Produced condensate and other unprocessed hydrocarbon liquids of varying gravity often hold substantially less marketing value than processed and stabilized condensate, due to the large range of components in the liquid, its volatility towards vapor flashing, and contaminants either due to the composition of the liquid or chemicals used in its production or transport. For this reason, there are many facilities, whether integrated into larger plants or stand-alone, that serve the purpose of processing these raw, off-spec liquids into higher valued products, such as 9 psi RVP (Reid vapor pressure) stabilized condensate or Y-grade NGL.
9 psi RVP condensate is often used in blending with crude oil and fuels and is free from light end hydrocarbon components prone to flashing, thus making it a very stable hydrocarbon liquid product. Because of its stability, it can be transported to a sales point without the need for pressurized tanker trucks. RVP is a measure of the volatility in the liquid and is determined by the ASTM-D-323 test method.
Y-grade NGL typically consists of lighter end hydrocarbons and is transported by pressurized pipeline to fractionation sites where it is separated into its constituent components (typically ethane, propane, i-butane, n-butane, and heavier fractions) for marketing to users who have a need for these purity products. Because Y-grade consists of more volatile, lighter end hydrocarbons, it is necessary to keep them pressurized to ensure that no vapor flashing occurs during transport. Specifications for Y-grade are usually set by the pipeline owners that transport these liquids, though most pipeline operators’ specifications adhere to highly similar metrics.
Y-grade NGL must meet specifications for the amount of sulfur species that are present in the Y grade. These include a test for hydrogen sulfide (H2S) present in the Y-grade, the amount of total sulfur species in the Y-grade, as well as the corrosiveness of the Y-grade (typically influenced by sulfur, and primarily H2S, in the Y-grade). To reduce the amount of H2S present in Y-grade NGL, an amine treating process is usually employed, which involves the contact of the Y-grade NGL with a mixture of amine and water, causing the H2S in the Y-grade to be absorbed by the amine, such that the effluent Y-grade passes the aforementioned tests.
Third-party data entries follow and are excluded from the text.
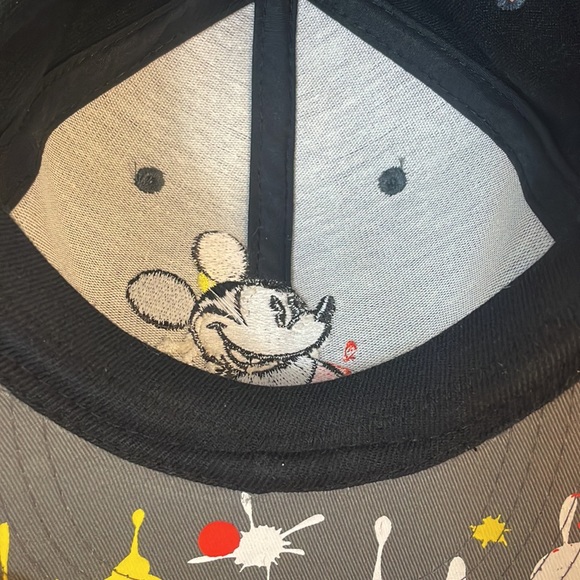 Disney Mickey Mouse Paint Fitted Baseball Hat - Picture 12 of 16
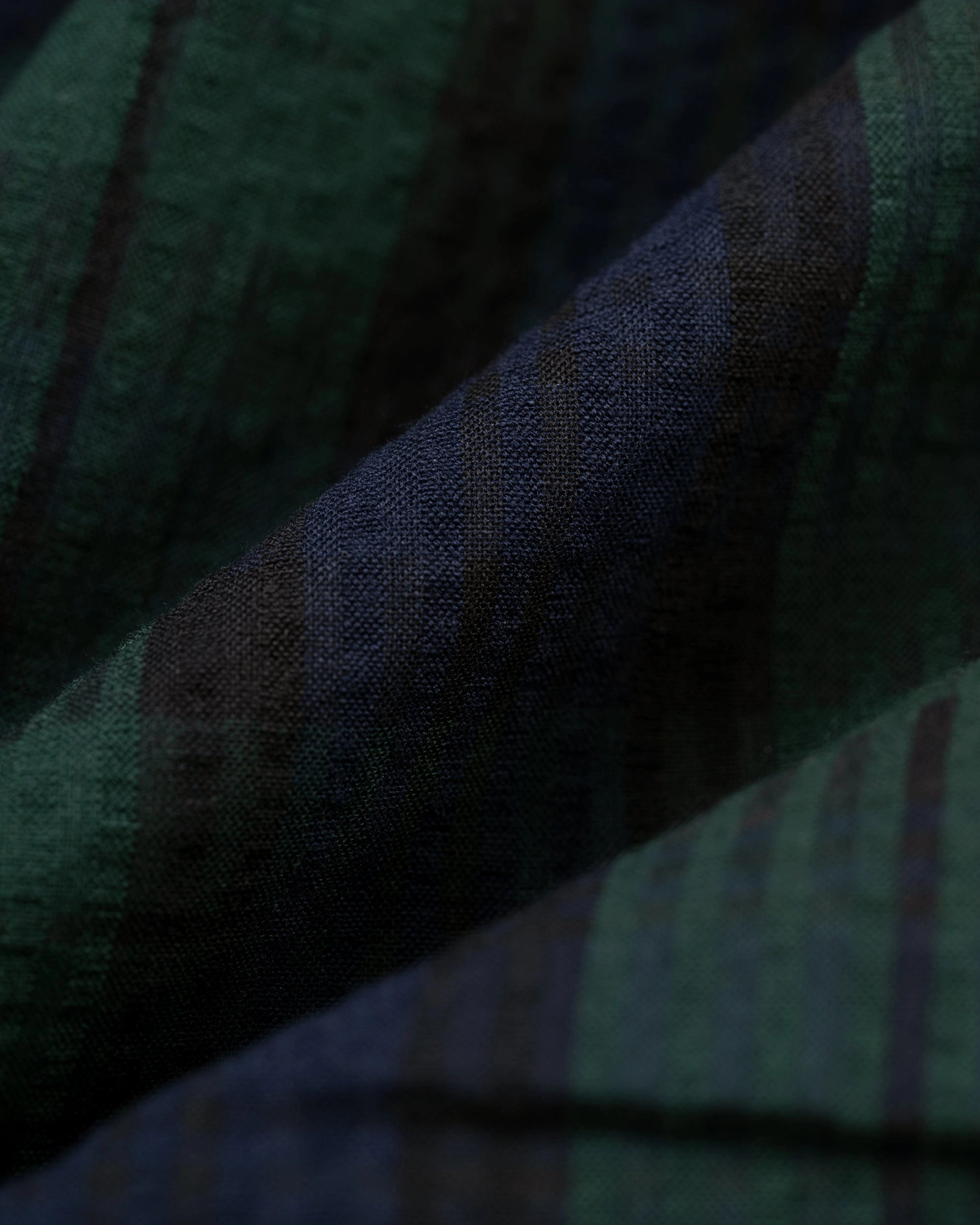 BLACKWATCH TARTAN COTTON SEERSUCKER SPORT COAT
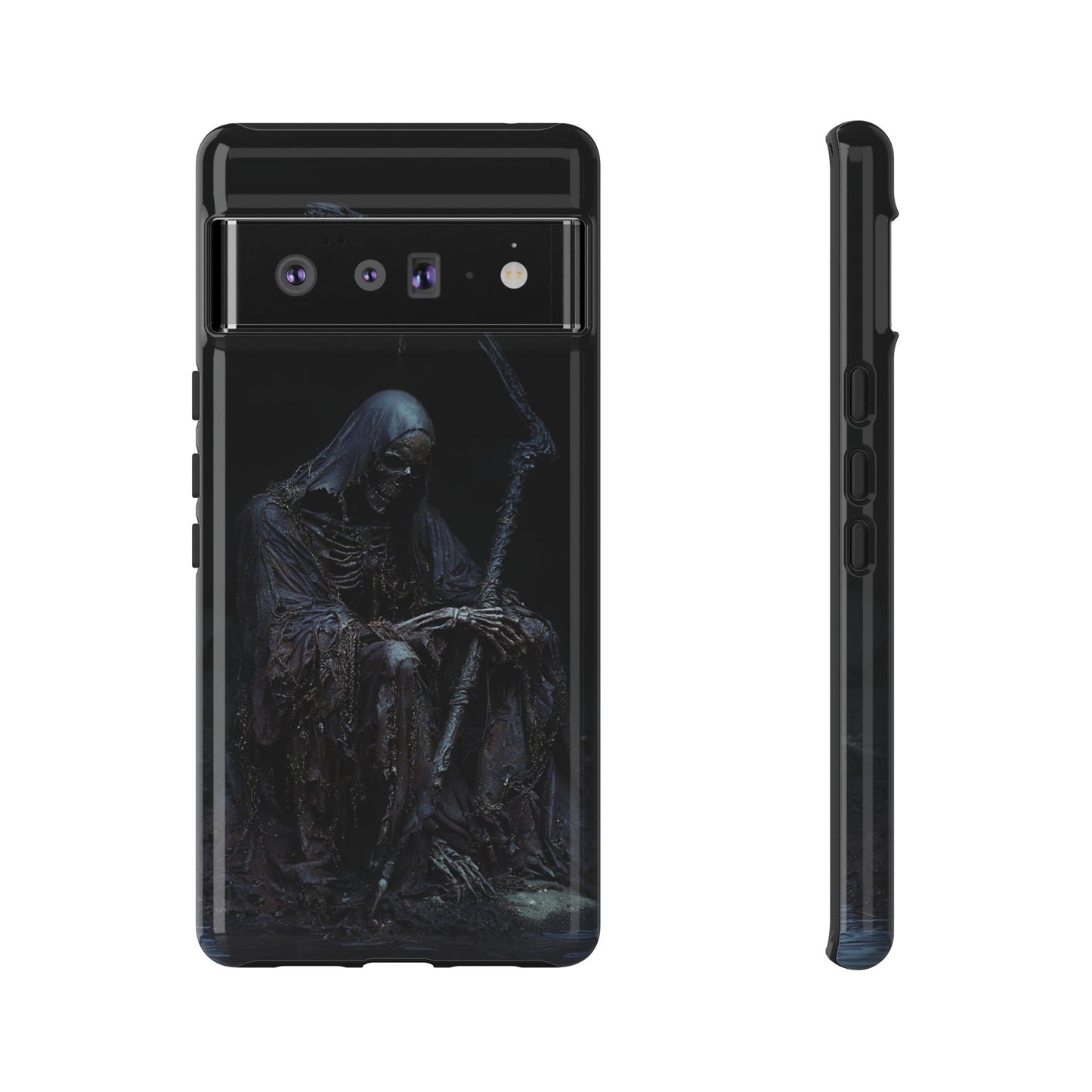 Dark Reaper Phone Case - Gothic Grim Reaper Art for iPhone, Samsung Galaxy, and Google Pixel Devices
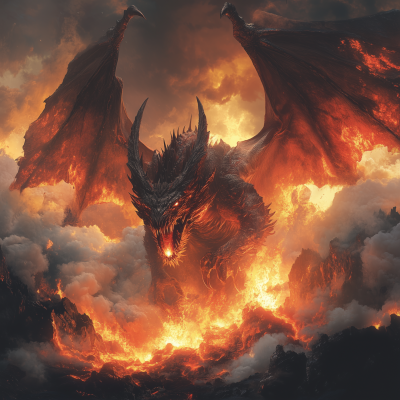 Fierce Fantasy Dragon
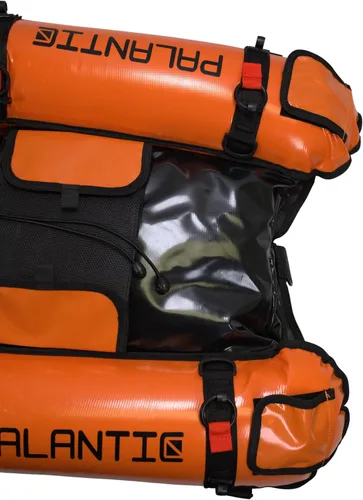 Miniatura 5 de Palantic Barco flotante inflable para pasarela de buceo con bandera de buceo y bomba de aire, naranja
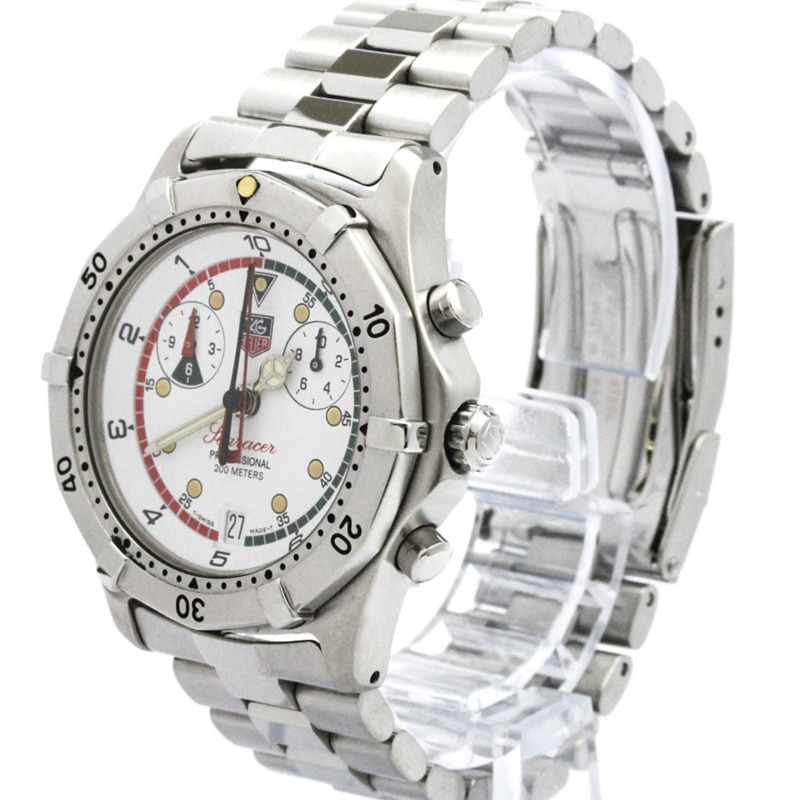 TAG HEUER 豪雅 Searacer 專業計時腕錶 CK111R 拋光款-1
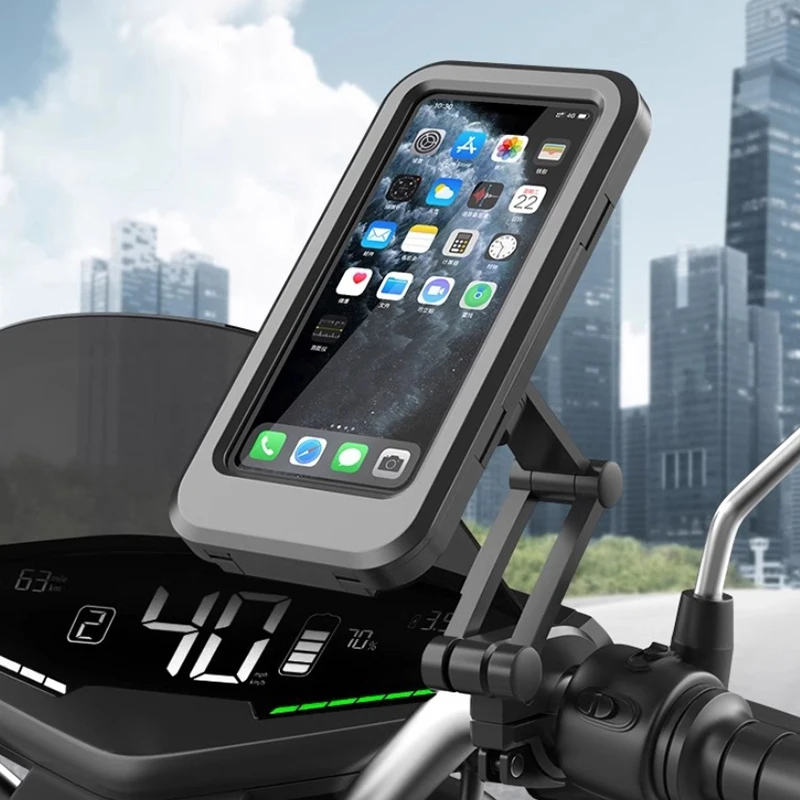 Support de téléphone portable pour moto et vélo, étanche, magnétique universel, pour moto pivotant et réglable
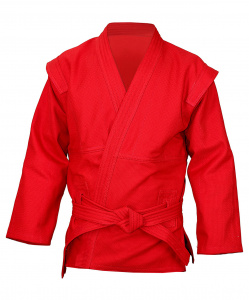 Куртка для самбо красная (550г/м2, 44-50) ― купить в Москве. Цена, фото, описание, продажа, отзывы. Выбрать, заказать с доставкой. | Интернет-магазин SPORTAVA.RU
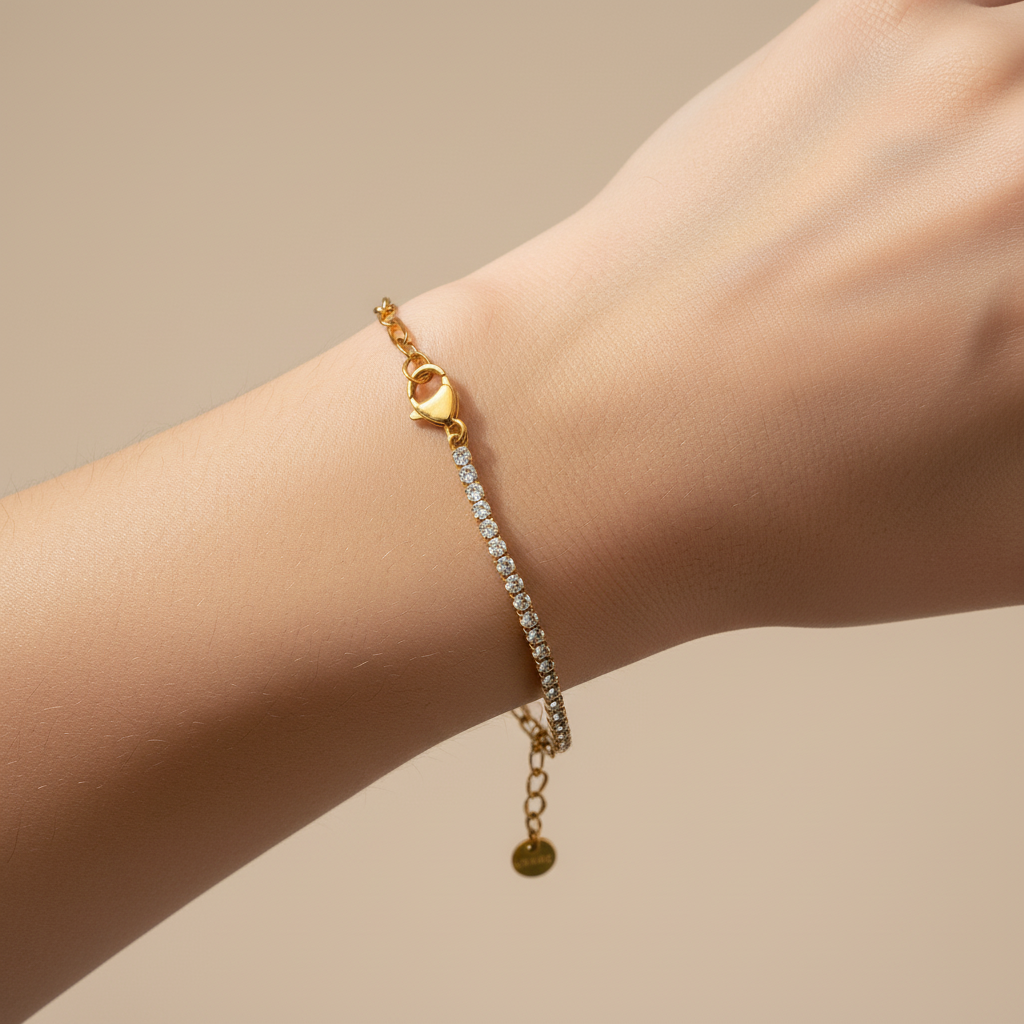 Yani – Elegantes Zirkonia-Armband aus Edelstahl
Howard Energy Partners (HEP) owns and operates a facility in South Texas principally responsible for the collection and processing of off-spec condensate and other hydrocarbon liquids to a 9 psi RVP product and a Y-grade product that employs an amine treatment process for the Y-grade product before custody transfer to a pipeline.
While the amine treatment process for the removal of CO2 or H2S is widespread throughout several industries, there are still many operational issues that can arise from the process. The amine treatment process requires a strict adherence to maintaining a delicate chemistry and purity balance to properly work as intended. A change in composition or concentration in the amine or feed stream being treated can easily upset the process, causing severe operational issues, and inadequate amine treatment.
HEP recently encountered such an issue with amine chemistry and filtration at its Live Oak facility. A discussion of the issue and its resolution is contained herein.
Facility Background
Howard Energy Partners’ (HEP) Live Oak facility is located in Three Rivers, TX in the Eagle Ford Shale play, and was one of first facilities built by Howard Energy Partners after its incorporation. Live Oak is an off-spec condensate receiving and processing facility which receives many truckloads of liquids from different sources throughout South Texas each day. Live Oak is capable of processing off-spec condensate of a vast and varying composition, and because of this, receives trucks from area refineries and other field production sites simultaneously, which may contain different levels of H2S or chemical contamination (methanol, for example).
The Live Oak facility’s processing set up consists of a truck unloading area that allows trucks to offload into several large off-spec condensate bullet vessels. These vessels hold multiple truckloads of off-spec condensate product received and, as previously stated, often contain liquids of varying blended composition. When filled, these Off-Spec Condensate Tanks are pumped to a Stabilizer system that contains a Stripper (pre-frac) Tower and a final Stabilization Tower. The Stripper Tower produces an off-gas product that is compressed and then dehydrated and sent to a downstream pipeline. The Stabilization Tower produces a 9 psi RVP stabilized condensate product off the bottom of its reboiler and Y-grade NGL product from the reflux of the tower. The 9 psi RVP stabilized condensate is stored in atmospheric storage tanks, and the Y-grade NGL is pumped to a downstream pipeline.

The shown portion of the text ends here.